→ Problem statement
Go to the line that contains "KDWJS Tappetino per", then write out that line and all that follow to the end of the listing, exactly and without pictures.

→ Collected data
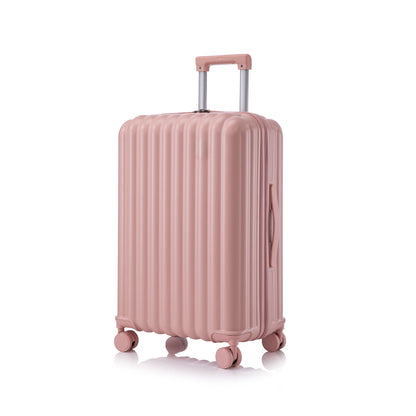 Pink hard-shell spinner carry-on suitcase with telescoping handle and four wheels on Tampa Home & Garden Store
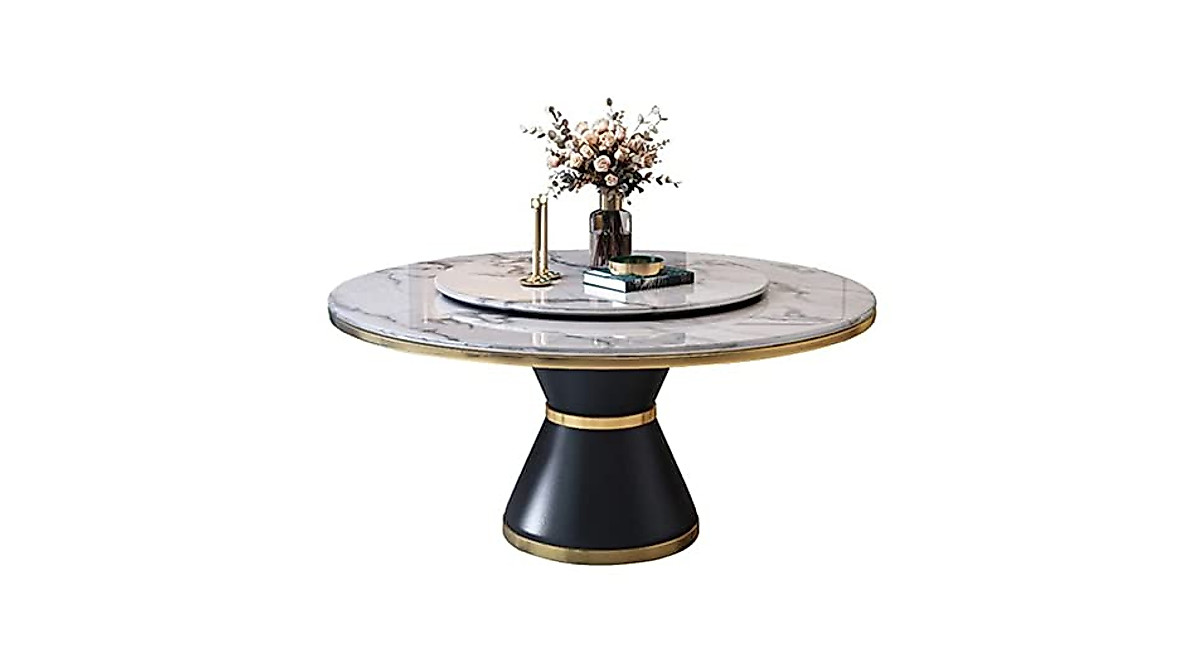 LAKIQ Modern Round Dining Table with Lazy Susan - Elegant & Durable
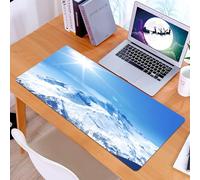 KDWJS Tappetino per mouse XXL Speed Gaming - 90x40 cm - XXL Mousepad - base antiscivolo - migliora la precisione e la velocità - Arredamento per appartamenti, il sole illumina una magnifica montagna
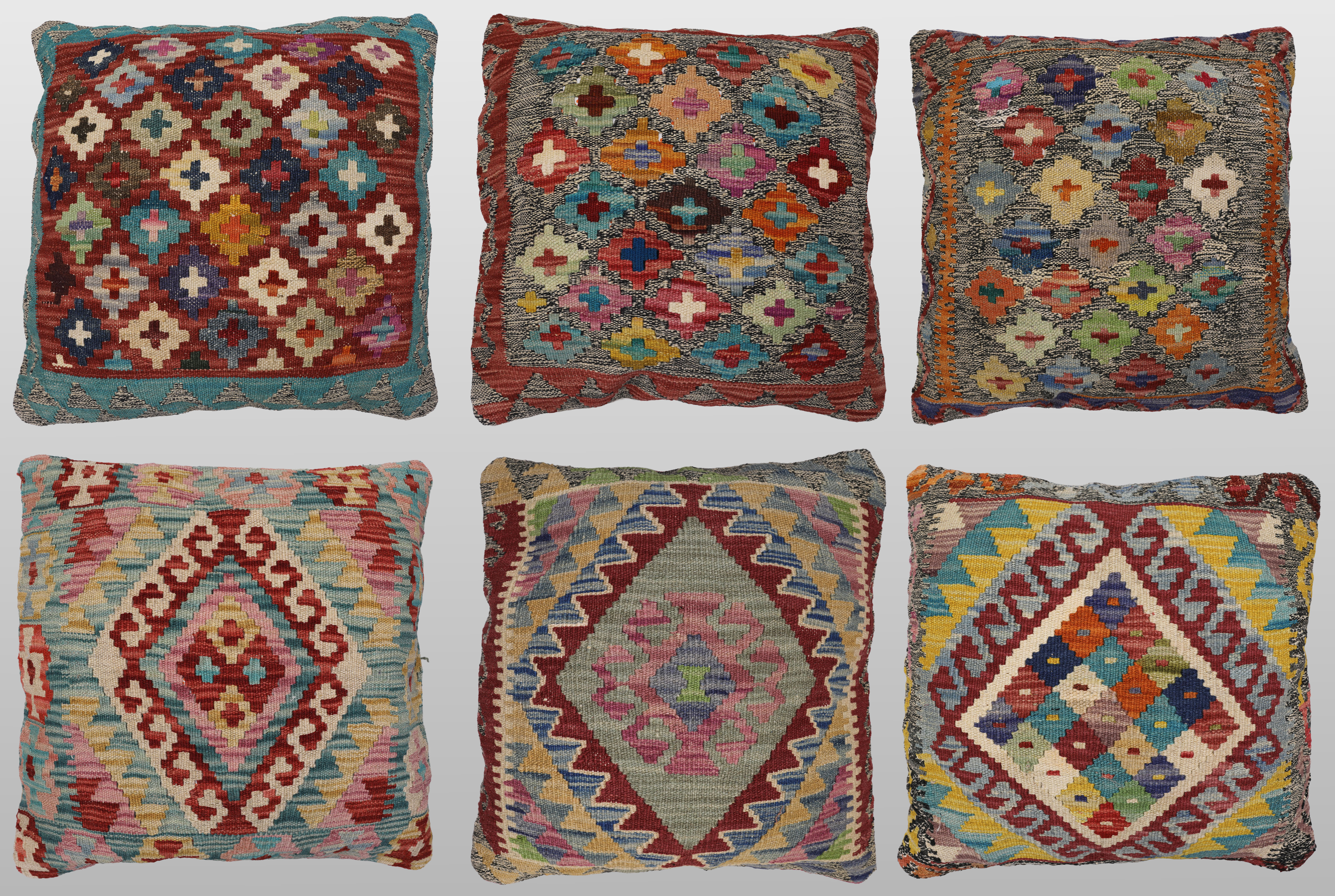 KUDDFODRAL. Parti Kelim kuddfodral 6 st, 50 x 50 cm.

→ Answer to this problem
 KDWJS Tappetino per mouse XXL Speed Gaming - 90x40 cm - XXL Mousepad - base antiscivolo - migliora la precisione e la velocità - Arredamento per appartamenti, il sole illumina una magnifica montagna
 KUDDFODRAL. Parti Kelim kuddfodral 6 st, 50 x 50 cm.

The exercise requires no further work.